TASK REQUIREMENTS: The entries below need to be transcribed exactly, without their images.

<<<<

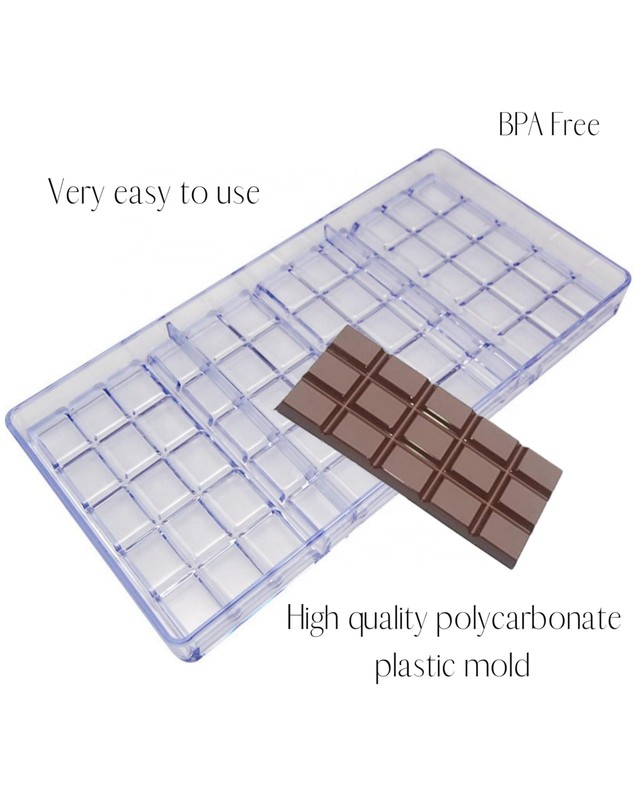 Chocolate Bar Making Mold | Polycarbonate | Hard Mold for Making Chocolate Bars gallery
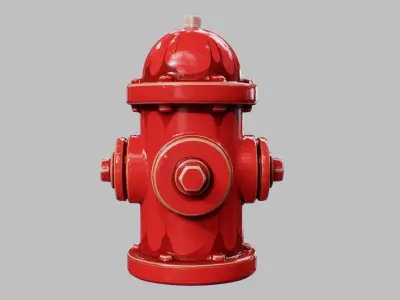 Ceramic Fire Hydrant 3D model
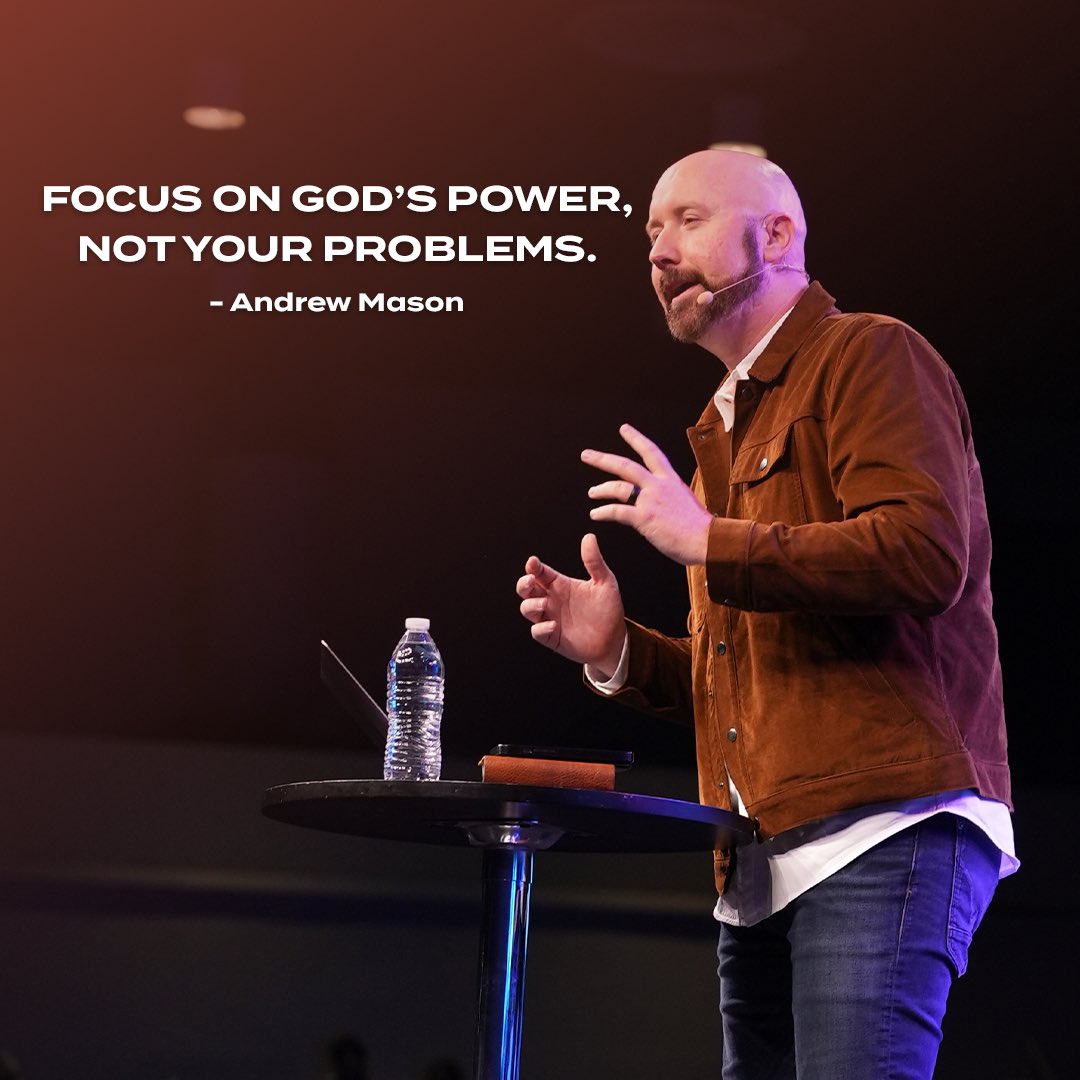 Pastor <a href="/_andrewsmason/">Andrew Mason</a> preached a powerful word this last Sunday on your mind! We encourage you today to focus on the power that God has over our problems. He is mighty to conquer any problem you are facing!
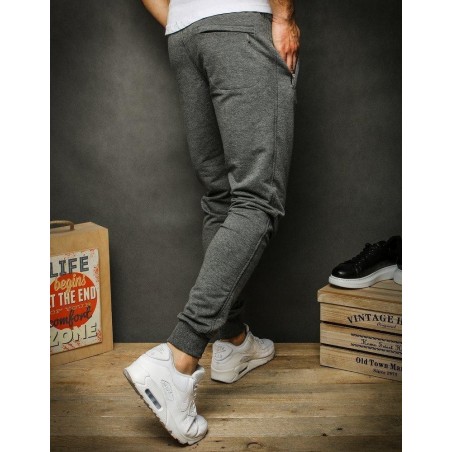 Tmavosivé pánske jogger tepláky UX2408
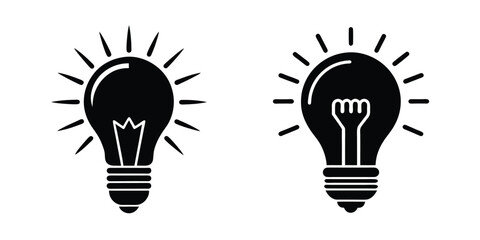 Light Bulb With Spark Plug Inside Symbolizing Ignition Isolated on White Background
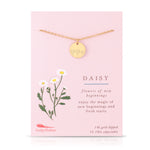 lucky feather botanical necklace daisy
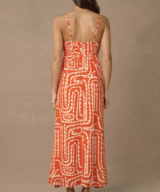 Mon Renn Tempo Print Midi Dress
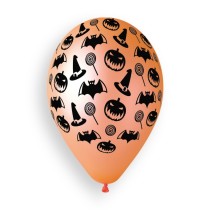 Palloncino in Lattice 12" GFS110 Mix "Halloween Spider" 5pz Gemar "Halloween"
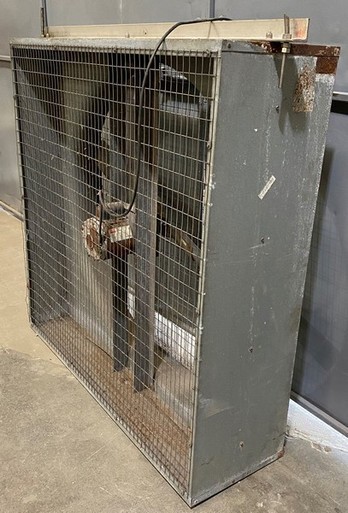 Salvaged Agricultural Fan, 48"Dayton 4B049 Direct Drive Ventilation Unit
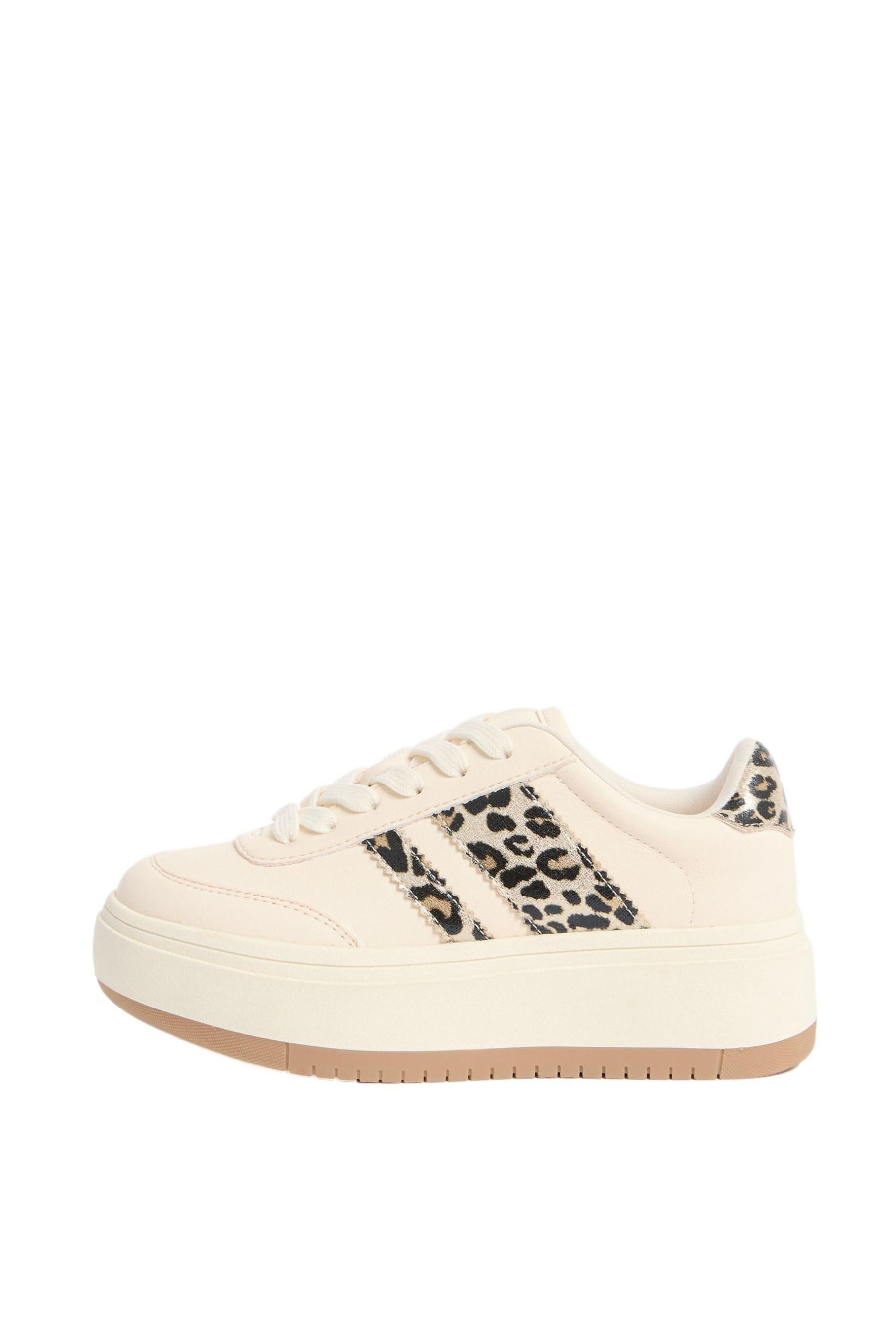 Lipsy Sportsneaker mit Streifen + Leopardenmuster Sneaker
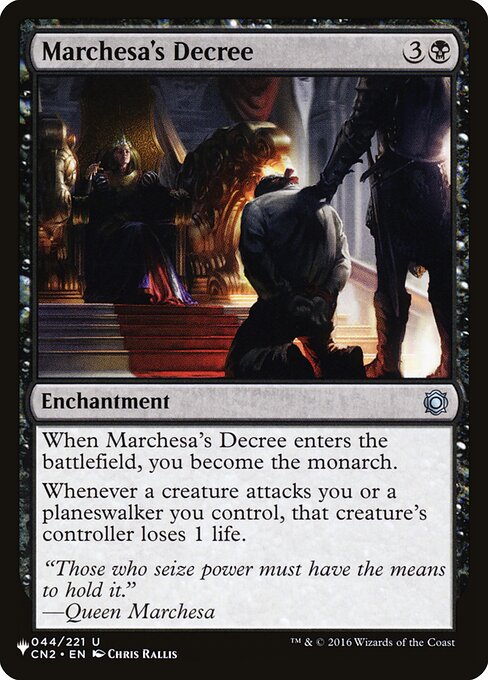 Marchesa's Decree (CN2-44) [The List]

>>>>

SOLUTION TO THE PROBLEM:
 Chocolate Bar Making Mold | Polycarbonate | Hard Mold for Making Chocolate Bars gallery
 Ceramic Fire Hydrant 3D model
 Pastor <a href="/_andrewsmason/">Andrew Mason</a> preached a powerful word this last Sunday on your mind! We encourage you today to focus on the power that God has over our problems. He is mighty to conquer any problem you are facing!
 Tmavosivé pánske jogger tepláky UX2408
 Light Bulb With Spark Plug Inside Symbolizing Ignition Isolated on White Background
 lucky feather botanical necklace daisy
 Mon Renn Tempo Print Midi Dress
 Palloncino in Lattice 12" GFS110 Mix "Halloween Spider" 5pz Gemar "Halloween"
 Salvaged Agricultural Fan, 48"Dayton 4B049 Direct Drive Ventilation Unit
 Lipsy Sportsneaker mit Streifen + Leopardenmuster Sneaker
 Marchesa's Decree (CN2-44) [The List]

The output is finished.